Similarly, if the company has been able to acquire customers on its own, it validates the idea for investors and gives them proof of concept. Ruparel shares the example of Wow! Momo, whom they were ready to fund. But the founders wanted to see if they could make the company work on their own. After achieving some scale, Wow! Momo's founders came back for funding.
Values for Valuation
In the absence of concrete data points and financials, it is the ability of the founders, and their strengths and weaknesses that are put under the lens and tested again and again to reduce the risk associated with investing in them. Every minute detail is scrutinised, and each move is watched to discern their abilities and weaknesses.

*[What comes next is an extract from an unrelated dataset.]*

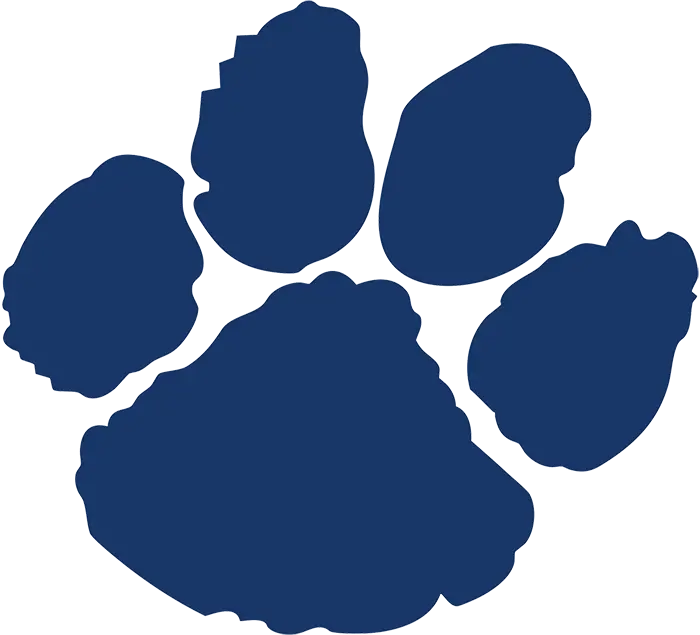 Pittsford Panthers Football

Former Executive Vice President with American Express, Sanjay Rishi, a new entrant in the angel investing scene in the country, always keeps an eye on the way a founder makes his presentation. "When people make presentations, how often they acknowledge the other person with them and how often they acknowledge institutions and individuals who might not be in the room but are instrumental in their success, is important. To me that has always been a distinguishing factor. People do too little of it, but a few who do, they check several boxes," he says.

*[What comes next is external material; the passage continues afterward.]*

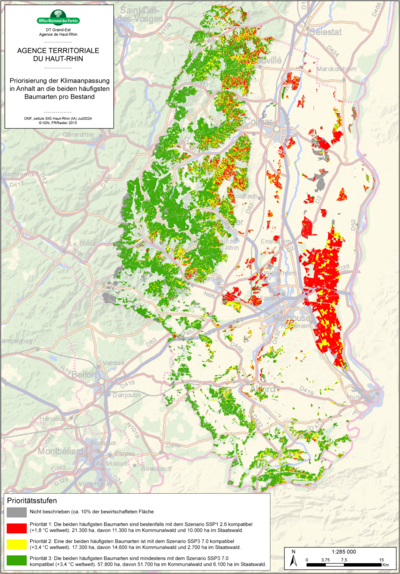 Öffentliche Waldflächen des Dép. Haut-Rhin (in ONF-Bewirtschaftung) mit Priorisierung der Anpassungsmaßnahmen entsprechend der Klimastabilität aktuell vorhandener Haupt- und Nebenbaumarten.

Besides team work, the other values that are desirable are passion, vision, perseverance and an ability to deal with failures.
Anandan cites the example of Manik Mehta, Founder and CEO of Omnify (SaaS platform for SMEs) to explain the importance of perseverance. Mehta, before securing funds from the former Google executive, kept updating him about the status and growth of his company for months. When Mehta finally called him to pitch for funding, Anandan was busy and told him to call later. Sometime later, Anandan was travelling from New York to San Francisco and was amazed to find inflight WiFi. He tweeted about it. Mehta was quick to react and sent a direct message to him saying, "Hey Rajan, looks like you can now talk to me." Impressed by Mehta's tenacity, Anandan later invested in Omnify.
While the ability to deal with failures is the most sought-after quality, the one thing that kills interest is intellectual arrogance. "I struggle when the person sitting across the table believes he is the smartest person in the room," says Karan Singh Thakral, Chairman of Singapore Angel Network.
Dishonesty, too, is a major turn off for investors and definitely a deal breaker.
Most investors also take note of how founders distribute employee stock options (Esops) to determine if he readily shares wealth with others. Thakral, in fact, called off a deal once as the founder shared with him how he had manipulated an employee out of a little bit of ESOPs. "If you could cheat your employees, you are definitely going to cheat me," he says.
So, what are the makings of an ideal start-up founder? Turns out, it all boils down to passion and vision. And investors say any founder worth his salt would keep coming back till he achieves what he wanted to. Roy puts it in a more interesting way: "Steve Jobs ko reject kar diya toh tum kis khet ki muli ho? (If Steve Jobs could be rejected, then who do you think you are?"